● **WORK ITEM**
Start the copy at the line containing "Nudelauflauf_Tomate_Mozzarella.jpg" and run it through the last line of the records. Repeat each line exactly; omit pictures.
Top of DATA
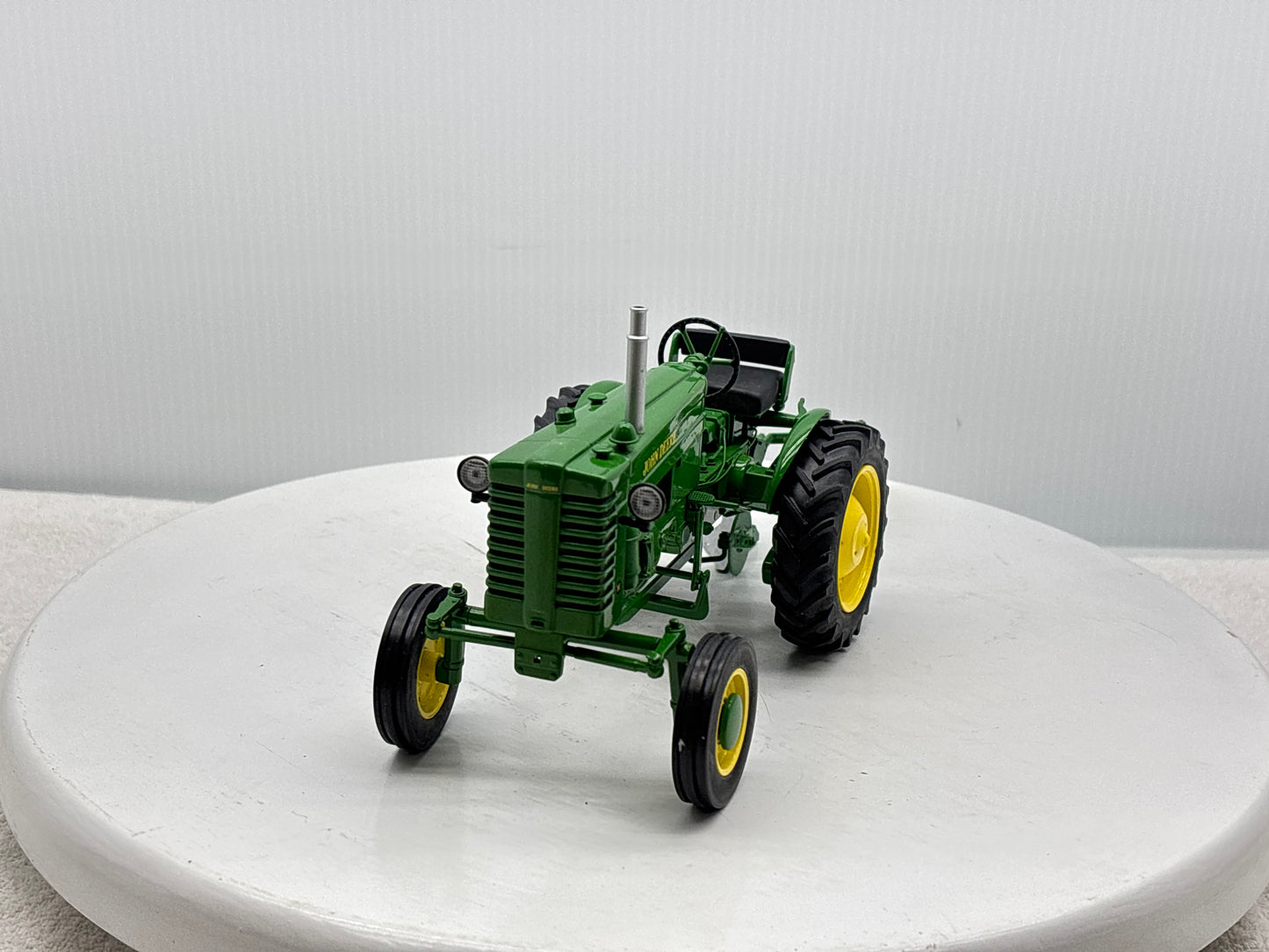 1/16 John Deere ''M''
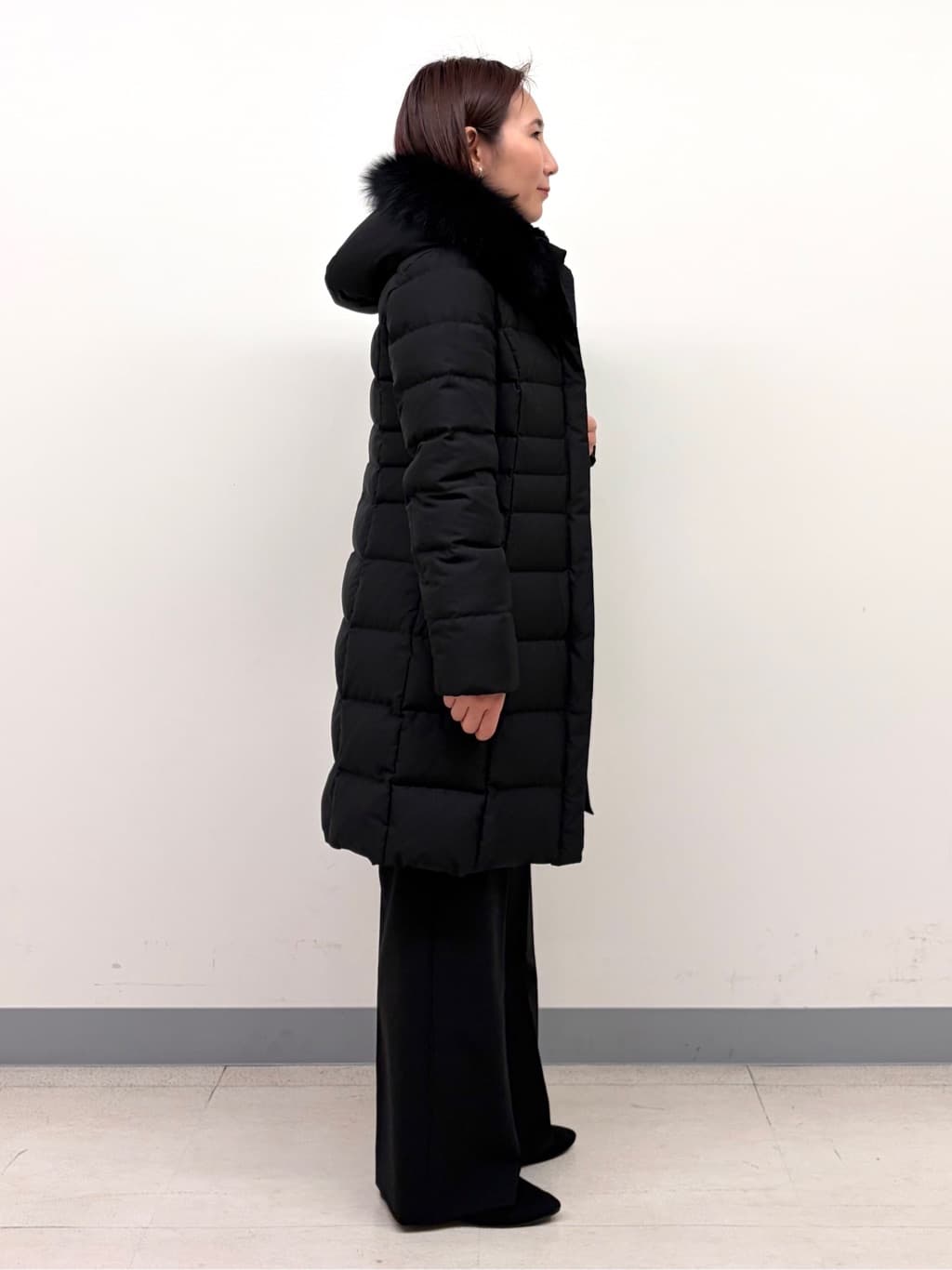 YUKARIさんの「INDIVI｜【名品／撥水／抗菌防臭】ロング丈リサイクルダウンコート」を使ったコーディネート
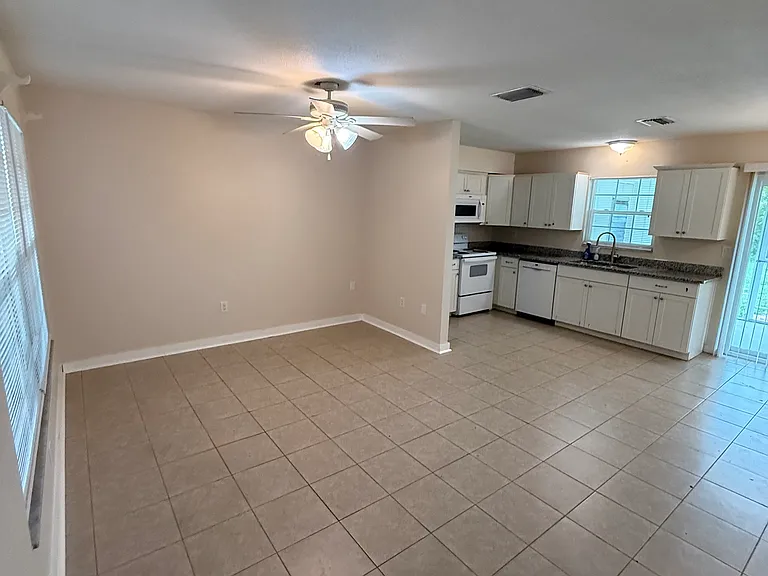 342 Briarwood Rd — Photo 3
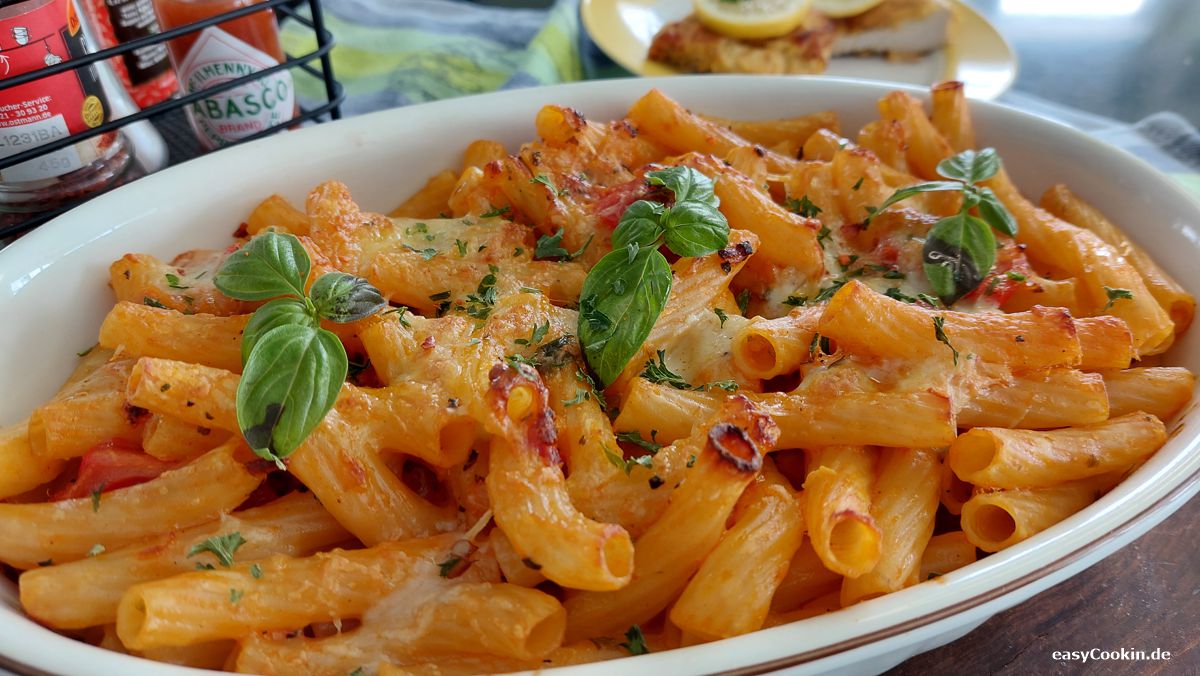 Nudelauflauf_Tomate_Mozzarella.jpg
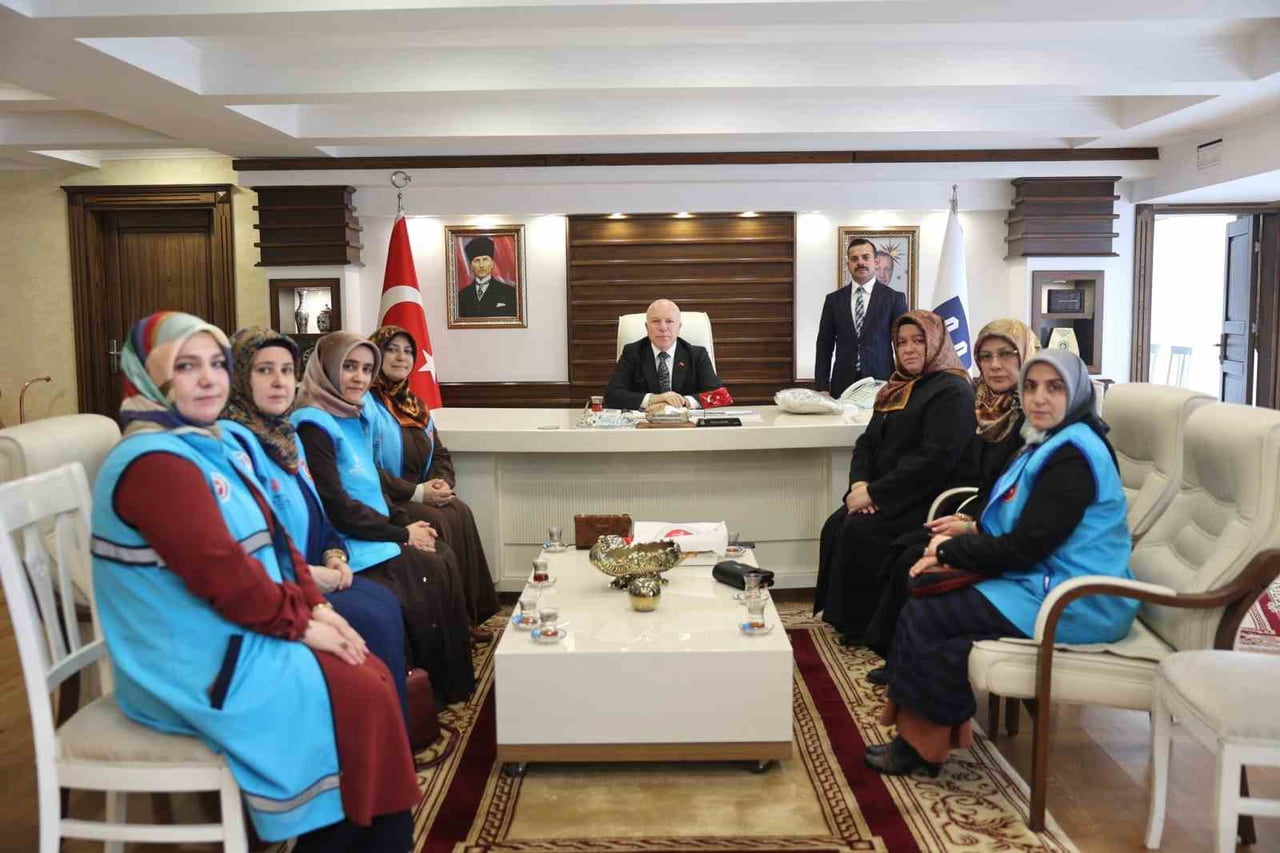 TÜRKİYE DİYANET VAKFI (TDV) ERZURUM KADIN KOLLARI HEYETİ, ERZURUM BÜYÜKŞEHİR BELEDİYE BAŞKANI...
Bottom of DATA
● **REPLY**
 Nudelauflauf_Tomate_Mozzarella.jpg
 TÜRKİYE DİYANET VAKFI (TDV) ERZURUM KADIN KOLLARI HEYETİ, ERZURUM BÜYÜKŞEHİR BELEDİYE BAŞKANI...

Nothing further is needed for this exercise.